A person lends Rs. 10000 to B for 3 years and Rs. 6000 to C for 4 years, both at the same annual simple interest rate. If the total interest received from B and C together is Rs. 5400 over these periods, what is the common rate of interest per annum in percent?

Introduction / Context:
This is a straightforward simple interest problem that often appears in aptitude exams. A lender gives different amounts to two borrowers for different time periods, but at the same simple interest rate. The total interest from both loans is known, and we need to find the common rate of interest per annum.
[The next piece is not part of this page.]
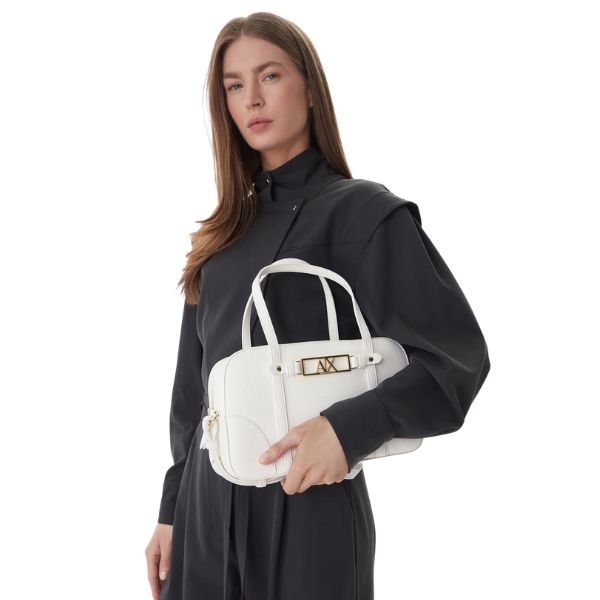 Armani Exchange bauletto bianco con logo oro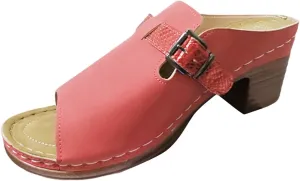 Trendy Women's Open Toe Slippers With Buckle Strap Leather Upper Casual Summer Footwear For Jeans And Comfortable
The question checks whether you can correctly set up and solve a linear equation using the basic simple interest formula.

Given Data / Assumptions:

• Loan to B: Principal P₁ = Rs. 10000 for 3 years.
• Loan to C: Principal P₂ = Rs. 6000 for 4 years.
• Rate of simple interest is r percent per annum for both loans.
• Total interest from B and C together over the entire time is Rs. 5400.
• Interest is simple interest in both cases, not compound interest.

Concept / Approach:
For simple interest, the formula is:
Simple interest = (Principal * Rate * Time) / 100.
We will calculate the interest from each borrower separately in terms of r, then add them to match the given total interest of Rs. 5400. This will give us a single linear equation in r. Solving that equation will directly provide the annual rate of interest in percent. Because both loans are at the same rate, we can combine the terms neatly.

Step-by-Step Solution:
Step 1: Let the common rate of interest be r percent per annum. Step 2: Interest from B = (P₁ * r * t₁) / 100 = (10000 * r * 3) / 100. Step 3: Simplify B's interest: (10000 * 3 / 100) * r = 300 * r. Step 4: Interest from C = (P₂ * r * t₂) / 100 = (6000 * r * 4) / 100. Step 5: Simplify C's interest: (6000 * 4 / 100) * r = 240 * r. Step 6: Total interest from both loans = 300r + 240r = 540r. Step 7: We are told that this total interest equals Rs. 5400, so 540r = 5400. Step 8: Divide both sides by 540 to get r = 5400 / 540 = 10. Step 9: Therefore, the rate of simple interest is 10 percent per annum.

Verification / Alternative check:
We can quickly verify the answer by substituting r = 10 percent back into the calculations. Interest from B becomes (10000 * 10 * 3) / 100 = 3000. Interest from C becomes (6000 * 10 * 4) / 100 = 2400. Adding both, 3000 + 2400 = 5400, which exactly matches the total interest given in the problem. Thus, the computed rate is consistent with all given data.

Why Other Options Are Wrong:
At 12 % or 15 %, the total interest would exceed Rs. 5400, giving values higher than the target amount. At 20 % or 25 %, the interest amounts become even larger and clearly unrealistic compared with the stated total. Only 10 % produces exactly Rs. 5400 when the interest from both loans is combined, so the other options do not satisfy the equation 540r = 5400.

Common Pitfalls:
One common mistake is to average the time periods or principals incorrectly instead of using the formula on each loan separately. Another error is to forget to divide by 100 when applying the simple interest formula, which leads to very large or very small rates. Some students also miscalculate the combined coefficient (300 + 240) and set up the wrong equation. Being systematic about writing each interest term and then combining them avoids these errors.

Final Answer:
The common annual simple interest rate that makes the total interest from both loans equal to Rs. 5400 is 10 % per annum.